▶ [TASK TO COMPLETE] For the material below, return exactly the lines starting at the one holding "Masul Comedy |" and ending at the one holding "Mochila Preescolar Mini", counting both as part of the range.

▶ [AVAILABLE DATA]
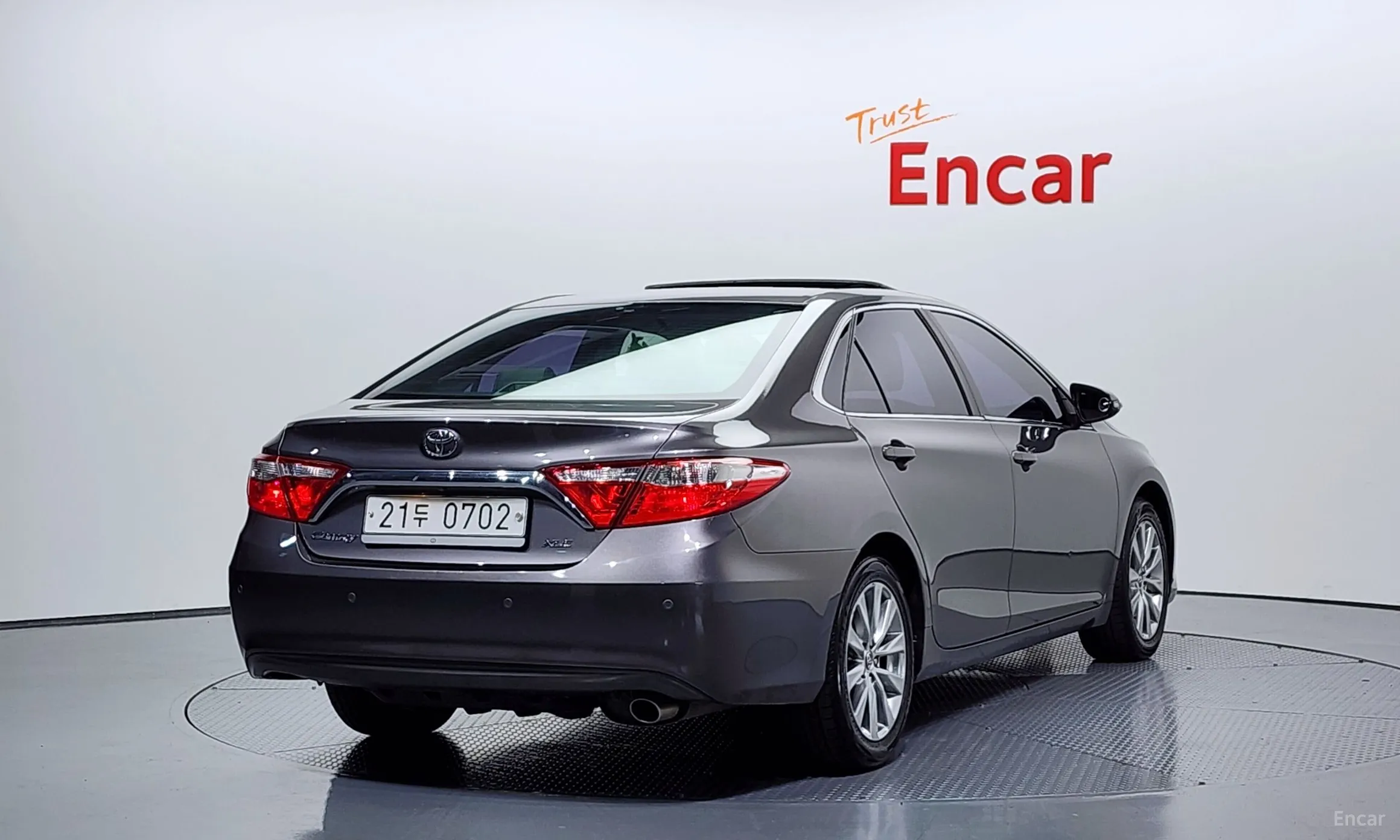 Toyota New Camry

--

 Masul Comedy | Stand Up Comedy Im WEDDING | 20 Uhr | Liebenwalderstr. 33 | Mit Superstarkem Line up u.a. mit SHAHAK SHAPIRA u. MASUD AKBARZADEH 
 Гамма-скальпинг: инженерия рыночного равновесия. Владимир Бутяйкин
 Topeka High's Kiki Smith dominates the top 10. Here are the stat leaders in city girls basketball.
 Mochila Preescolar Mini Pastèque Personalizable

...

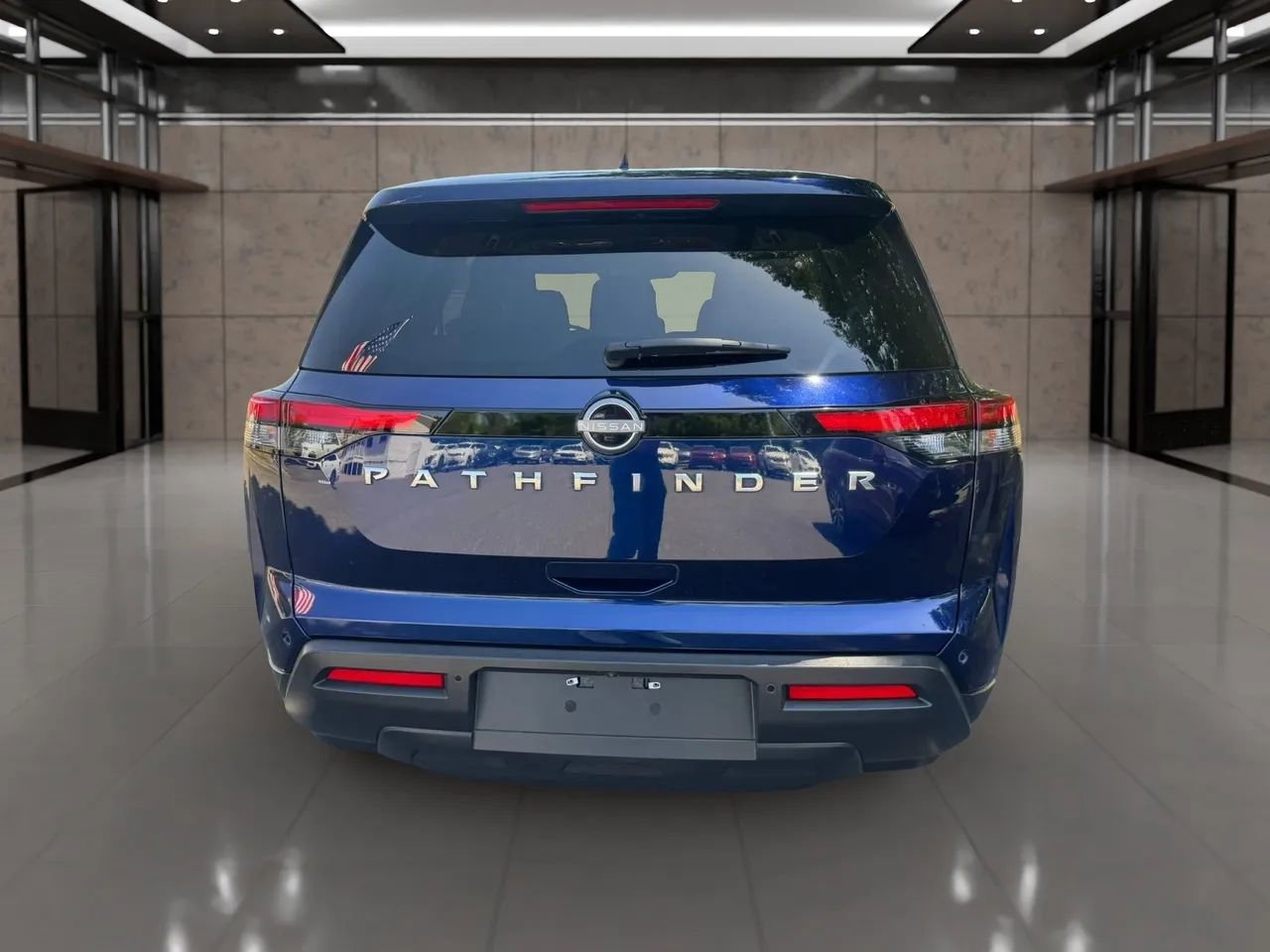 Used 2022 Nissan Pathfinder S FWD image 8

▶ [RESPONSE]
 Masul Comedy | Stand Up Comedy Im WEDDING | 20 Uhr | Liebenwalderstr. 33 | Mit Superstarkem Line up u.a. mit SHAHAK SHAPIRA u. MASUD AKBARZADEH 
 Гамма-скальпинг: инженерия рыночного равновесия. Владимир Бутяйкин
 Topeka High's Kiki Smith dominates the top 10. Here are the stat leaders in city girls basketball.
 Mochila Preescolar Mini Pastèque Personalizable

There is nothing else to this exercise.